# Urijah Faber-Scott Jorgensen is The Ultimate Fighter 17 Finale's new headliner



## Stun Gun

> After MMAjunkie.com (www.mmajunkie.com) first reported UFC flyweight champion Demetrious Johnson is injured and out of The Ultimate Fighter 17 Finale, the event has a new headliner.
> 
> UFC President Dana White confirmed recent UFC 157 winner Urijah Faber (27-6 MMA, 3-2 UFC) will meet fellow bantamweight Scott Jorgensen (14-6 MMA, 3-2 UFC) in the new main event.
> 
> The TUF 17 Finale takes place April 13 at Mandalay Bay Events Center in Las Vegas. It's the first finale to take place at a regular arena rather than a smaller concert venue, and it required the organization to book a big headliner to help with ticket sales.
> 
> That initially was done by booking Johnson (17-2-1 MMA, 5-1-1 UFC) against challenger John Moraga (12-1 MMA, 2-0 UFC) in a five-round title fight. However, the nature of the champ's injury wasn't disclosed, and officials didn't specify if the bout will rebooked for a later card.
> 
> For now, though, Faber returns to the cage after a fairly quick turnaround. The former WEC champion and recent UFC title challenger recently choked out Ivan Menjivar at this past weekend's UFC 157 event. Prior to that, the "California Kid" suffered unanimous-decision loss to Renan Barao in a fight for the interim bantamweight title.
> 
> Faber recently told MMAjunkie.com Radio he didn't care whom he fought next, though he understood big-name options were limited.
> 
> Jorgensen, a fellow WEC vet, recently ended a two-fight skid with a submission victory over John Albert at UFC on FOX 5 in December. It earned him "Fight of the Night" and "Submission of the Night" bonuses, and it erased the memory of his 2012 recent losses to Barao and Eddie Wineland. The Utah-based fighter shares many common opponents with Faber, though their own paths never crossed in either the WEC or UFC until now.
> 
> The latest TUF 17 Finale card includes:
> Urijah Faber vs. Scott Jorgensen
> TBA vs. TBA - "TUF 17" tournament final
> Travis Browne vs. Gabriel Gonzaga
> Miesha Tate vs. Cat Zingano
> Cole Miller vs. Bart Palaszewski
> Justin Lawrence vs. Daniel Pineda
> Maximo Blanco vs. Sam Sicilia


http://www.mmajunkie.com/news/2013/02/urijah-faber-vs-scott-jorgensen-is-the-ultimate-fighter-17-finales-new-headlin

I hope Jorgensen wins


----------



## LizaG

This is a great fight, more than makes up for the cancelled bout. Faber always comes up with exciting fights. As far as replacement fights go, this is good matchmaking!


----------



## Stun Gun

This fight is going to be crazy good


----------



## LL

Two guys who got humiliated by Cruz then again, it's rare you find someone at 135 and 125 who hasn't been humbled by the Champ.


----------



## Stun Gun

TheLyotoLegion said:


> Two guys who got humiliated by Cruz then again, it's rare you find someone at 135 and 125 who hasn't been humbled by the Champ.

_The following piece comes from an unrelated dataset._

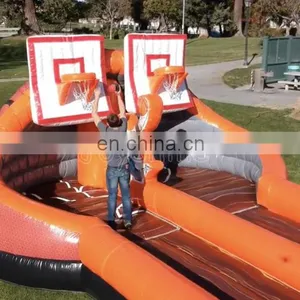 Kids Adult Play Inflatable Basketball Hoop Slam Dunk Shoot Game For Sale thumbnail-5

The Jorgensen fight happened 3 years ago though. Times have changed. Jorgensen has improved.


----------



## OU

I'm a fan of both, it should be an entertaining fight. But I think Faber takes it.


----------



## Canadian Psycho

Faber wins rather easily, imo. Not that it won't be a good scrap, but Faber is by far the more talented fighter.


----------



## LL

Stun Gun said:


> The Jorgensen fight happened 3 years ago though. Times have changed. Jorgensen has improved.

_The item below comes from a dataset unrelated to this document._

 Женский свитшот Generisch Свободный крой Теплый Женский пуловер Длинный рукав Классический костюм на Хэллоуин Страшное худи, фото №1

Nothing has changed that gives Jorgensen a chance against Cruz, same with Faber.


Sent from Verticalsports.com Free App


----------



## OU

TheLyotoLegion said:


> Nothing has changed that gives Jorgensen a chance against Cruz, same with Faber.
> 
> 
> Sent from Verticalsports.com Free App


Faber's last fight with Cruz was pretty close. Cruz didn't do much damage at all in that fight and Faber actually landed the better shots. I think it's silly to assume he can't beat Cruz. Considering how the last fight looked it was not an impressive win.


----------



## HitOrGetHit

Faber by domination.


----------



## kc1983

Jorgensen is tough, but Faber is a beast. Other than Cruz and Barao I don't see anybody getting by Faber at 135.


----------



## OU

kc1983 said:


> Jorgensen is tough, but Faber is a beast. Other than Cruz and Barao I don't see anybody getting by Faber at 135.

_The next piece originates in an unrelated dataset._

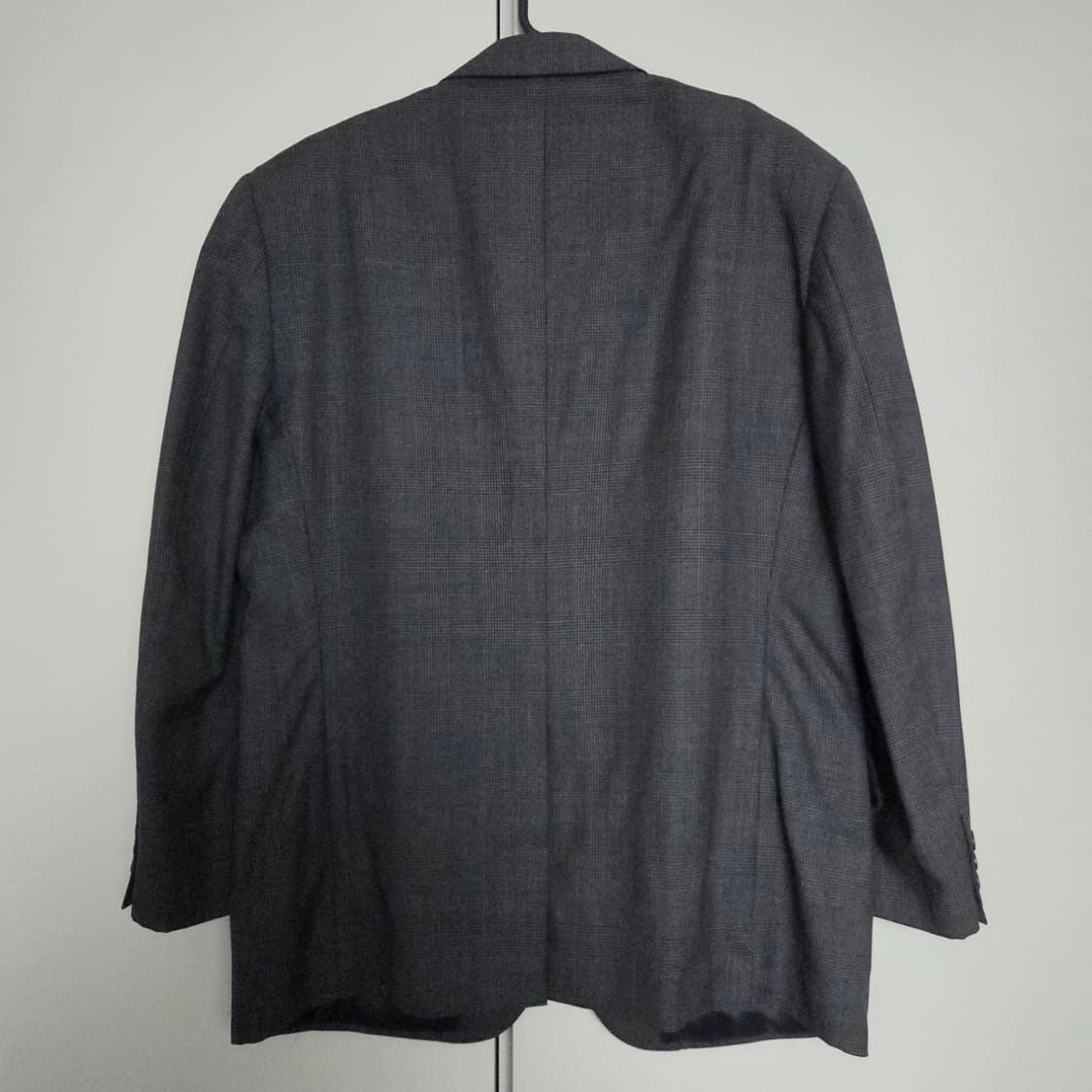 일본제 갤럭시 울 블레이저 자켓 L(100) 상품이미지8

I'd love to see him fight Mayday. Would be an interesting scrap. I think the youngster might be able to take it.


----------



## joshua7789

This is a great fight, neither dude ever disappoints when it comes to putting on entertaining fights.


----------



## LL

Faber didn't land any power shots, he only knocked him down because Cruz was of balance, meanwhile Cruz was lighting him up and constantly scoring points. He had nothing for him.


Sent from Verticalsports.com Free App


----------



## OU

TheLyotoLegion said:


> Faber didn't land any power shots, he only knocked him down because Cruz was of balance, meanwhile Cruz was lighting him up and constantly scoring points. He had nothing for him.
> 
> 
> Sent from Verticalsports.com Free App


Cruz was lighting him up? There is no doubt Faber was hitting Cruz harder then Cruz was hitting Faber. But Cruz gets brownie points for his pointless movements whether he does shit with it or not.


----------



## Dtwizzy2k5

Faber will beat Jorgensen easily. I'd like to see Faber fight Mayday if he wins for a title shot against Barao/Cruz winner.


----------



## Hammerlock2.0

Faber will outspeed Jorgensen with ease in my opinion.


----------